* WHAT TO DO
Only these lines of the data below are wanted: the one with "Reportes y Tablero de control", the one with "almacenamiento gestionados", and any lines between them, each repeated exactly.
*** Opening of SOURCE RECORDS ***
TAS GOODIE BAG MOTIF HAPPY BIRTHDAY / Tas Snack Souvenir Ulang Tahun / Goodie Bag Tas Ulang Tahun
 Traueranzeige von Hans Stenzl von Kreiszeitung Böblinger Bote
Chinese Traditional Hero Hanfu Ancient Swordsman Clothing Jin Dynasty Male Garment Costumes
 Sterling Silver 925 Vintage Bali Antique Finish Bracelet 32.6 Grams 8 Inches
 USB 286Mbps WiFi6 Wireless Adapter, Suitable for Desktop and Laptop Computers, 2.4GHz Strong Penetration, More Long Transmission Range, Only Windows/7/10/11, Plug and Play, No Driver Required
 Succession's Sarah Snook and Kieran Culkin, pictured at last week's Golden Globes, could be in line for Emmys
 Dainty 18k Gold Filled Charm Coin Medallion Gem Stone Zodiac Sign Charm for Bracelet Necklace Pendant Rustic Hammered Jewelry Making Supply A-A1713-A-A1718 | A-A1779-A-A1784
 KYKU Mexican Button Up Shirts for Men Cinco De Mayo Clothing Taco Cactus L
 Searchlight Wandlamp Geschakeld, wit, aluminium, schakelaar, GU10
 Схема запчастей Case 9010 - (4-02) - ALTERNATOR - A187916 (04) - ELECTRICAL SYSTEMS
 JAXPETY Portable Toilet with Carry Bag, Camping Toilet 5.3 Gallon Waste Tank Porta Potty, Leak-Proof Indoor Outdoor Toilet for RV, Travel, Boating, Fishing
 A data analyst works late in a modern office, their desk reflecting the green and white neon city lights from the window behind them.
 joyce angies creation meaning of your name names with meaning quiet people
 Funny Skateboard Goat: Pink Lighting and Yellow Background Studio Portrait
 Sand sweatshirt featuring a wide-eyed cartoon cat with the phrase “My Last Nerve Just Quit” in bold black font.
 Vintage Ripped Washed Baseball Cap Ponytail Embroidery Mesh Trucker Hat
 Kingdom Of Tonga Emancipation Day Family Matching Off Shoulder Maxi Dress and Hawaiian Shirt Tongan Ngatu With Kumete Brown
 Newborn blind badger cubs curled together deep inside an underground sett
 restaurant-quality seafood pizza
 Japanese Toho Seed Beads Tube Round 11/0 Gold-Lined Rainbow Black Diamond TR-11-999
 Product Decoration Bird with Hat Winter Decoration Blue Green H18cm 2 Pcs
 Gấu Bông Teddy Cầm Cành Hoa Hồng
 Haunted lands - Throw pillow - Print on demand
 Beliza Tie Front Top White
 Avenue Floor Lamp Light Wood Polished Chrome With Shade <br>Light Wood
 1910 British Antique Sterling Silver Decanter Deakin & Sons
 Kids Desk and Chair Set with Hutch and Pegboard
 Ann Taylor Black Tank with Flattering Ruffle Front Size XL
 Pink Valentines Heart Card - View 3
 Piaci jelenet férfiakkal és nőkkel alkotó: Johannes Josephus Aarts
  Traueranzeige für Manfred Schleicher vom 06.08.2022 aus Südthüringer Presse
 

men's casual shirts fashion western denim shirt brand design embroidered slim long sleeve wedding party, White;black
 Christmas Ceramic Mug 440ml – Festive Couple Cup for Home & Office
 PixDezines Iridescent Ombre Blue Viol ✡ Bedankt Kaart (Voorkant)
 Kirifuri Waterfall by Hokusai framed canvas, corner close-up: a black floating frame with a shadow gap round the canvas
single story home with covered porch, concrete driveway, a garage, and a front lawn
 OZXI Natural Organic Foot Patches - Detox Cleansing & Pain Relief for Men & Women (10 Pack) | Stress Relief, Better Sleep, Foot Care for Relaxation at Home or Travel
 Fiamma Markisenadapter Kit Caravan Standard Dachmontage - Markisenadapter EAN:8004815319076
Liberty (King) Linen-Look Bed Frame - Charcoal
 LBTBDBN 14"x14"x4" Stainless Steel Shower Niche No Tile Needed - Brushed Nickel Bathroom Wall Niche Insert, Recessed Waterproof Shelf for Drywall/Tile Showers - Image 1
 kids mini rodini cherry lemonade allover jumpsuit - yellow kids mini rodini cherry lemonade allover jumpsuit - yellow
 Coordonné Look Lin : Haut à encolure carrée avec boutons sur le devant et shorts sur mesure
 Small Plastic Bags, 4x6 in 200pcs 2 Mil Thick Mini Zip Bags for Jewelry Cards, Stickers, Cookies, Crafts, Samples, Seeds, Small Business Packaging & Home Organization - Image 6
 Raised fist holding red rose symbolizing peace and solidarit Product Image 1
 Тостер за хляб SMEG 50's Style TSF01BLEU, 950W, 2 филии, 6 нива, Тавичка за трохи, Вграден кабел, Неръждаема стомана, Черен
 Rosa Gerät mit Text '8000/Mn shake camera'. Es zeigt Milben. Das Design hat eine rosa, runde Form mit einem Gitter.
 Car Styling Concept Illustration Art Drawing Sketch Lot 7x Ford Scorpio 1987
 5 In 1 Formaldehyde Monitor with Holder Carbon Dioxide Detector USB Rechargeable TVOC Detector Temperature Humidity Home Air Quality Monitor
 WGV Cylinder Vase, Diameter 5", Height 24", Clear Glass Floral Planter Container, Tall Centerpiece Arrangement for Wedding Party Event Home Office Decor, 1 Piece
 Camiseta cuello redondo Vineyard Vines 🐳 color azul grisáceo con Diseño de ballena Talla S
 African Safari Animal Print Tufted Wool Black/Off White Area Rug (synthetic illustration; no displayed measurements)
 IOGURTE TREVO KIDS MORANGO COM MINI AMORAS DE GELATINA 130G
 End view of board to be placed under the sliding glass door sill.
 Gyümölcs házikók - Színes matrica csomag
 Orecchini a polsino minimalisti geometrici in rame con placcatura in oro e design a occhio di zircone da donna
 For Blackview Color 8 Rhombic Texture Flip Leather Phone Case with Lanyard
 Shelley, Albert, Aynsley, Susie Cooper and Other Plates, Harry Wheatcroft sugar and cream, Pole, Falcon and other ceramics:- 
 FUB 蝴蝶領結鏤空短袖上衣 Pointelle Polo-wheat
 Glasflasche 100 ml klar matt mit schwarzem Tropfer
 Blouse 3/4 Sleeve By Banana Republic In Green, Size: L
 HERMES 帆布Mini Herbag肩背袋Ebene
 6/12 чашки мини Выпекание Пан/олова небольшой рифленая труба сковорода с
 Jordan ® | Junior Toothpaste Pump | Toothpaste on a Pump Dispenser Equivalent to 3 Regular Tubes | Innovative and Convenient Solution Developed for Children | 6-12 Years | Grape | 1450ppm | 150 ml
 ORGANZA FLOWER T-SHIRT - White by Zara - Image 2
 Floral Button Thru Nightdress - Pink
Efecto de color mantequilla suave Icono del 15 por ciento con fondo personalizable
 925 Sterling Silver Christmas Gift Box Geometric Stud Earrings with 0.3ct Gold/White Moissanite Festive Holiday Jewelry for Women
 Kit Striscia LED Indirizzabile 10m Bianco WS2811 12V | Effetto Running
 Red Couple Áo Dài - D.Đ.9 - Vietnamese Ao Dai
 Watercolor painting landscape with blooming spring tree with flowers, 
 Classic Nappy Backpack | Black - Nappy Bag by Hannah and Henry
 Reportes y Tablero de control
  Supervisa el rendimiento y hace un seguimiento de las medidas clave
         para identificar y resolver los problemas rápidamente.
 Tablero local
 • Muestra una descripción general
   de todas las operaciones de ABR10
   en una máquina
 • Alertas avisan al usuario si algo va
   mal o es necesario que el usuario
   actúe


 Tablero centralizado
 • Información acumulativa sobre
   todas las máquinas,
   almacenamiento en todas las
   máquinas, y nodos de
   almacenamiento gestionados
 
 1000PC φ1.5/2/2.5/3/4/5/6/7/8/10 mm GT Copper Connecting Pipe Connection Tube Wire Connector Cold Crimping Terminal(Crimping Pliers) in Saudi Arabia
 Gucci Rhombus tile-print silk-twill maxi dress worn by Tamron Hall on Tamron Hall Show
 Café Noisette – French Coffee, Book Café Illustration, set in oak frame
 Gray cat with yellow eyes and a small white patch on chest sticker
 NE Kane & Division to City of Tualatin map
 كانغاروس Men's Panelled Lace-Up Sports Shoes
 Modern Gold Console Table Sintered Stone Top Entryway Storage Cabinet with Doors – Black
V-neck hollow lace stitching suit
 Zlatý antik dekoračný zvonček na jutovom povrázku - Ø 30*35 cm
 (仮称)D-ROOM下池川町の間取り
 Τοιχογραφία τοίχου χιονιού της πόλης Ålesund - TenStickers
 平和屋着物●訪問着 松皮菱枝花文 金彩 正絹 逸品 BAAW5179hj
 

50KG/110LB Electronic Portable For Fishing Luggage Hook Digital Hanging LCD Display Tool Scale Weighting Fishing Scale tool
*** Close of SOURCE RECORDS ***
* EXERCISE SOLUTION
 Reportes y Tablero de control
  Supervisa el rendimiento y hace un seguimiento de las medidas clave
         para identificar y resolver los problemas rápidamente.
 Tablero local
 • Muestra una descripción general
   de todas las operaciones de ABR10
   en una máquina
 • Alertas avisan al usuario si algo va
   mal o es necesario que el usuario
   actúe


 Tablero centralizado
 • Información acumulativa sobre
   todas las máquinas,
   almacenamiento en todas las
   máquinas, y nodos de
   almacenamiento gestionados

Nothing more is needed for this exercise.